I blocked her from picking up the cutting board. “Well, in the here and the now we have Google.” I wanted nothing to get in the way of this conversation.

She turned to face me. Her cheeks flushed. “Of course I wonder. She crosses my mind all the time, still. Not a day goes by that I don’t see her handsome face. Sometimes, I laugh out loud at the wacky things she used to say and do.”

“It’ll take two seconds,” I pleaded, wanting to learn all about this girl who possessed Melanie’s heart.

She twitched her mouth to the side, biting her inside cheek. “I’m not interested.” She opened up a drawer and pulled out two knives. “Now, be quiet and butter your bagel.”

I reached out for my knife. “Fine.”

“And, don’t you dare come by later and tell me you Googled her,” she said, pointing her knife up in the air.

“You’ve got no sense of adventure.”

“You’re lowering my energy level.”

 

 

 

Chapter Eight

 

My energy level dropped drastically a few weeks after rummaging through Melanie’s attic. Natalie and I were enjoying a bowl of chicken soup that she had cooked that morning when Trevor came out from the back and told me the bad news from the day before. “I ran into Howie, the handler at the Clyde’s City Shelter. He told me that they turned away a litter of kittens the other day because of overcrowding.”

I dropped my spoon in the soup, which then splattered all over the paperwork I had started for a modification loan to the shelter building. “Why didn’t they call us?”

He rounded the corner and patted my shoulder. “They figured we didn’t have any room, either.”

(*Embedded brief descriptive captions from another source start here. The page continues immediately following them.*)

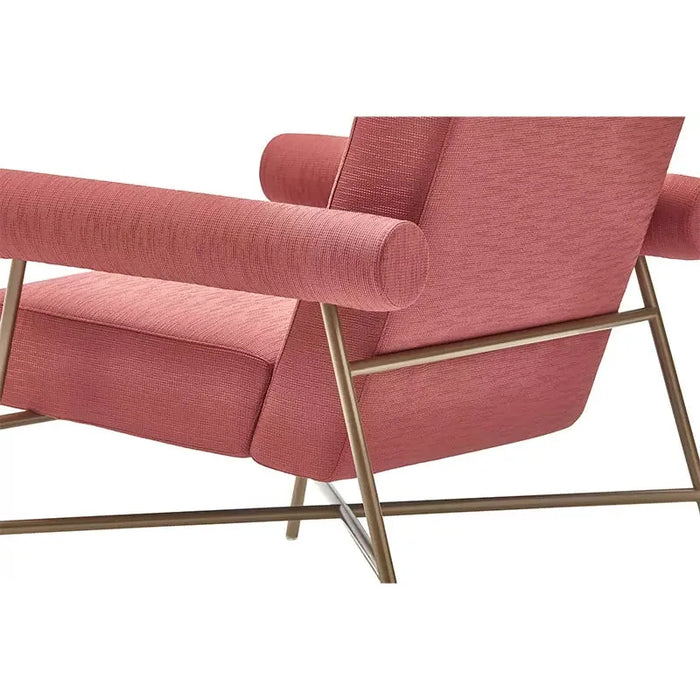 Toob Lounge Chair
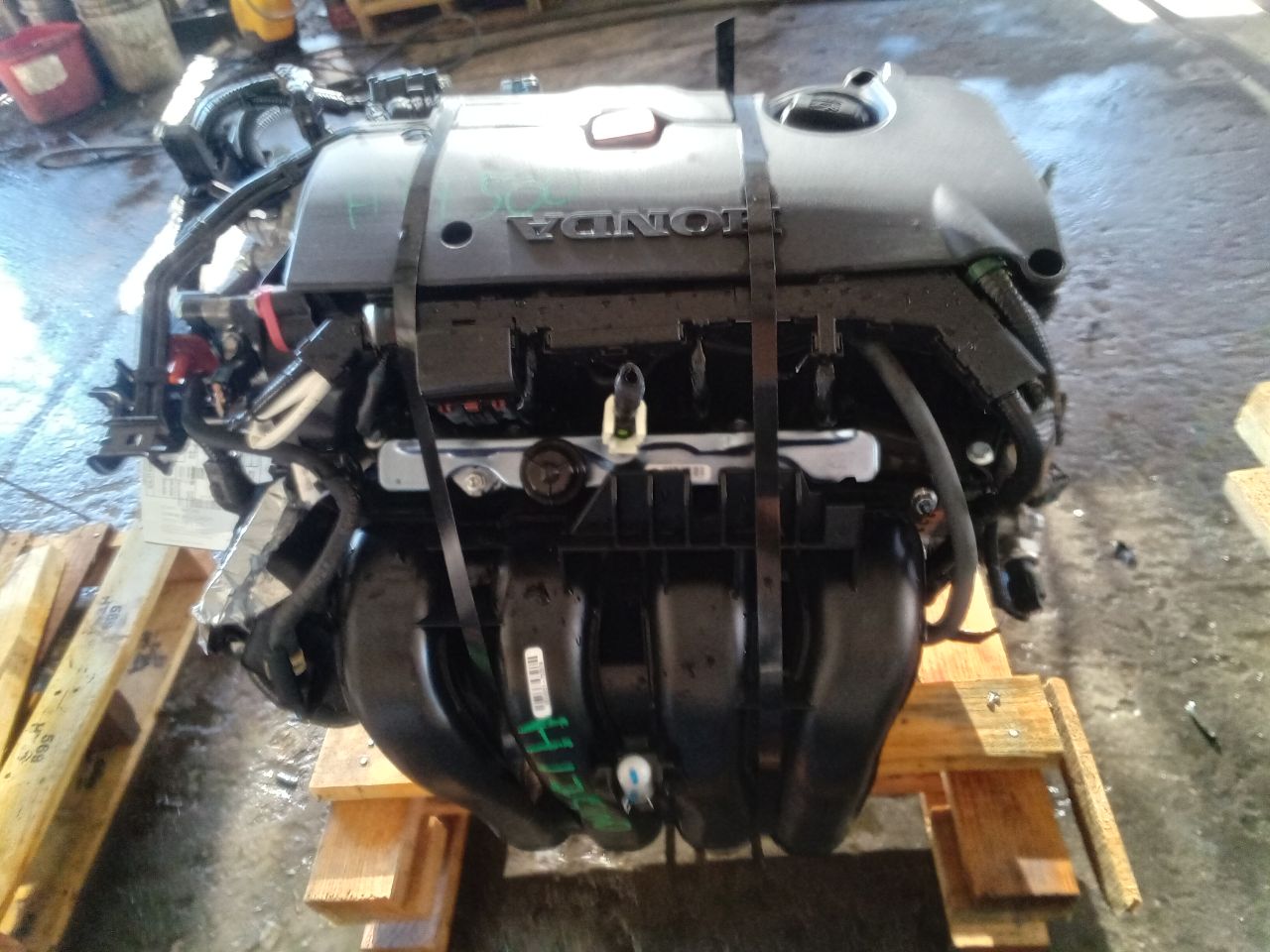 Part image 5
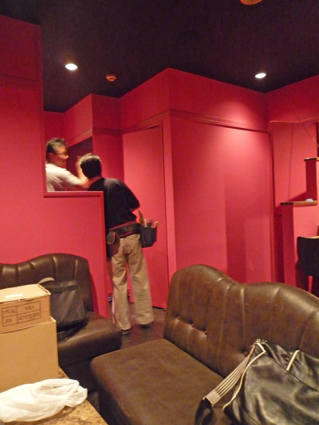 c0177910_13182859.jpg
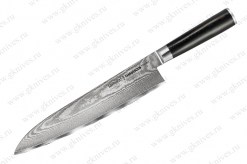 Гранд Шеф нож Samura Damascus SD-0087 арт.0609.142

“We’d never turn any animals away.” I wiped my spilt soup. “We need to get out there and educate more people about spaying and neutering.”

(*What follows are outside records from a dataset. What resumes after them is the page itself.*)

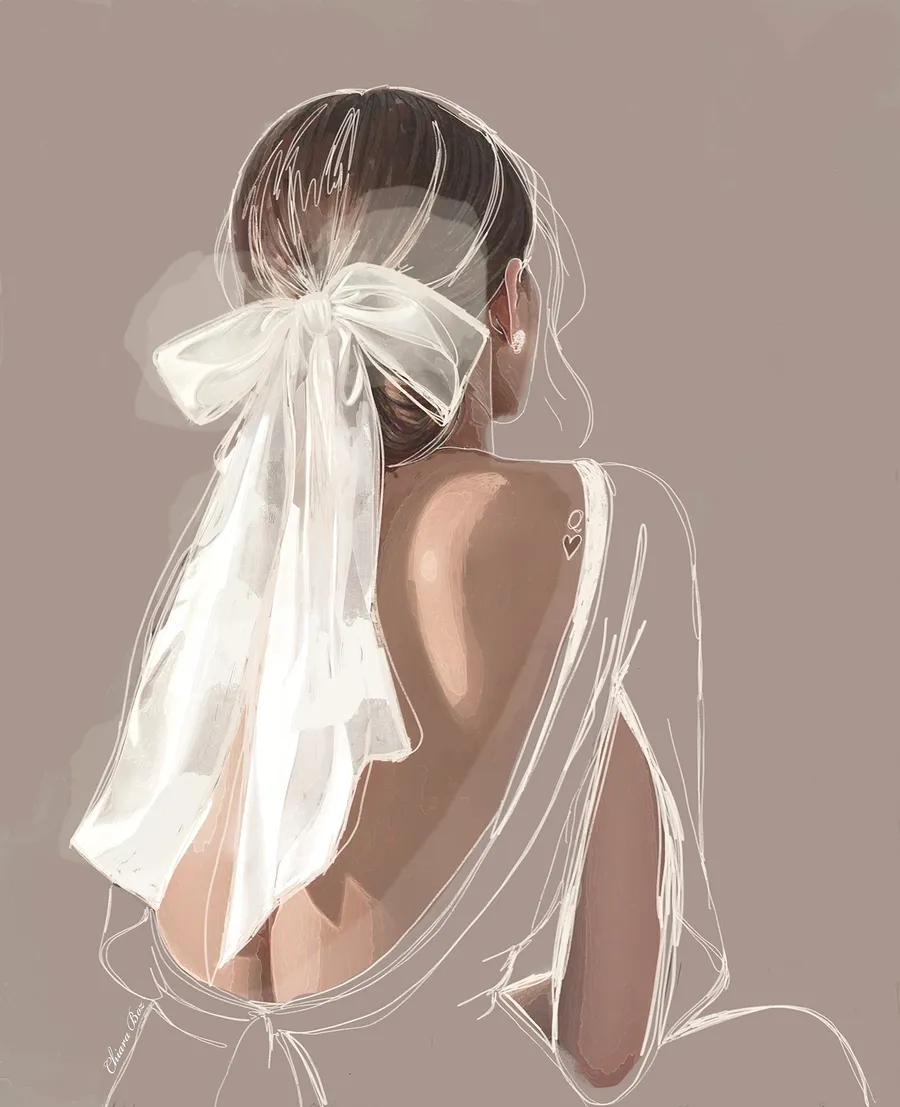 Chiara Boz — 4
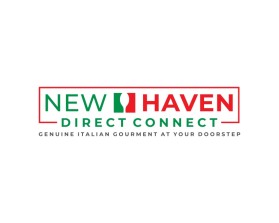 New Haven Direct Connect entry by Ari Muchtarom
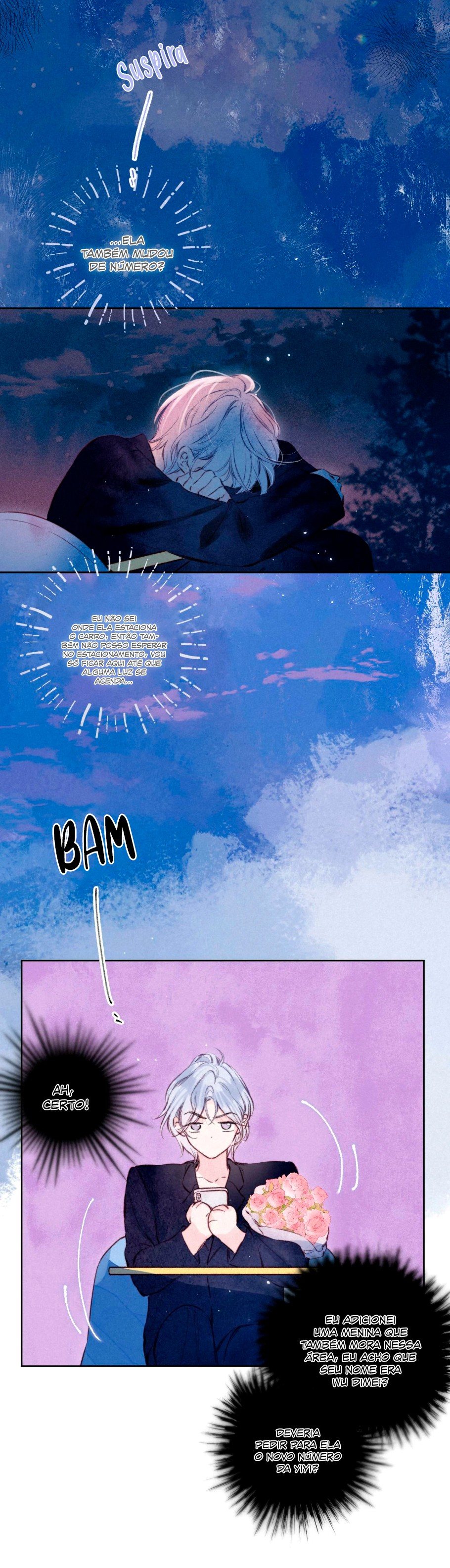 Cap 11 página 14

“We really don’t have much space in the cat room, Olivia,” Natalie said.

I thought about the kittens surviving alone in the woods, curled up to one another, hungry and unable to satisfy their basic needs. My shelter would never become one that turned desperate animals away. We needed more room.

I called Melanie to see if she could ask Phil to rig up something.

“I have no idea where he is,” Melanie said.

“Can you have him call me when you see him?”

“He just left here a couple of hours ago and said he’s heading to his mother’s for a couple of weeks. I guess she’s sick with her heart valve. I’ve already started on remote therapy for her.”

Of course she had. “How’s the packing?”

“I’m not making much of a dent. I’m looking after Snowball for him, and that little girl is keeping me on edge with all of her barking. She barks at leaves, you know. She is going to give my kitties heart attacks. I’m about to dive into a treatment with her.”

“Pet her for me.”

“I will. She’s a great companion, even with all of her barking. This morning as I reread those letters again, she snuggled up to me and buried that cute little nose of hers in my tummy. She’s wonderful.”

“You were reading the letters again?”

“Yeah.”

“That’s it? Yeah?”

“They bring back some good feelings. Right now, I need them.”

Melanie never lacked good feeling. “Are you okay?”